PROBLEM TO WORK ON »
Please output exactly the lines from the one containing "Skid mounted package" through the end of the records below, leaving out any pictures.

+++

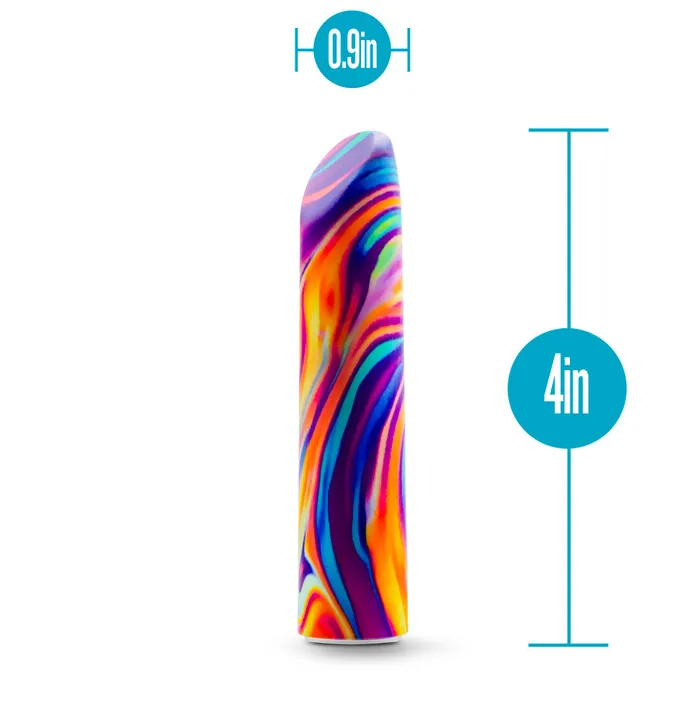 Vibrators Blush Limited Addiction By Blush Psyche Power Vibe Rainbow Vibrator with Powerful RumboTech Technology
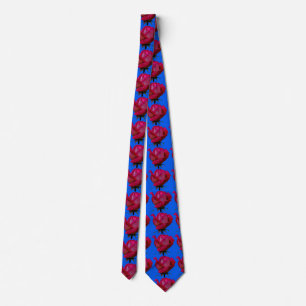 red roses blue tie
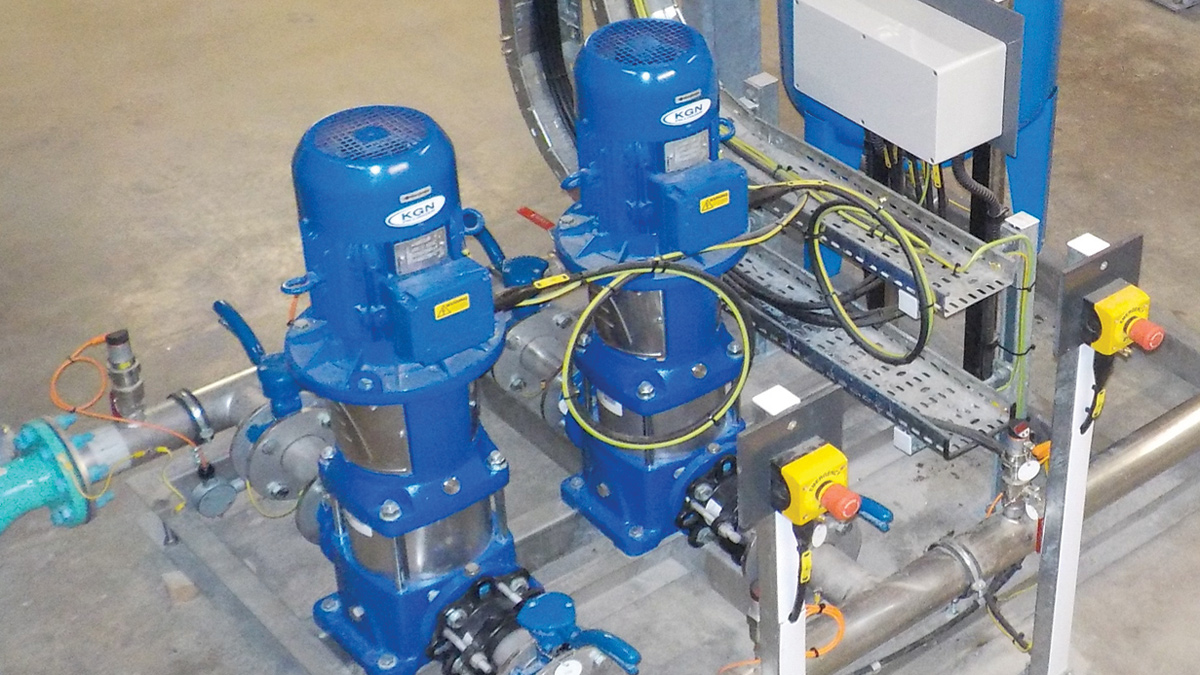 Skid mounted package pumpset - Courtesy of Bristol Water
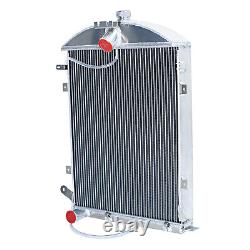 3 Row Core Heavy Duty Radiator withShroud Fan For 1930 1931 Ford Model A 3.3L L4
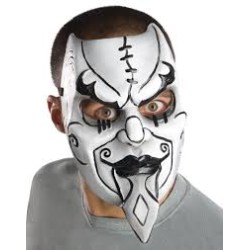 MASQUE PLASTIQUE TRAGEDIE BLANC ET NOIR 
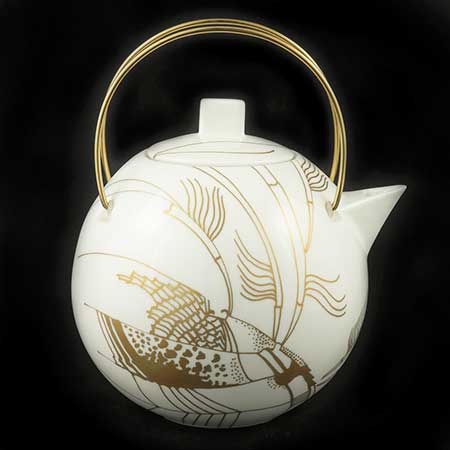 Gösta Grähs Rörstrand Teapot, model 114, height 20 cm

+++

PROBLEM SOLUTION »
 Skid mounted package pumpset - Courtesy of Bristol Water
 3 Row Core Heavy Duty Radiator withShroud Fan For 1930 1931 Ford Model A 3.3L L4
 MASQUE PLASTIQUE TRAGEDIE BLANC ET NOIR 
 Gösta Grähs Rörstrand Teapot, model 114, height 20 cm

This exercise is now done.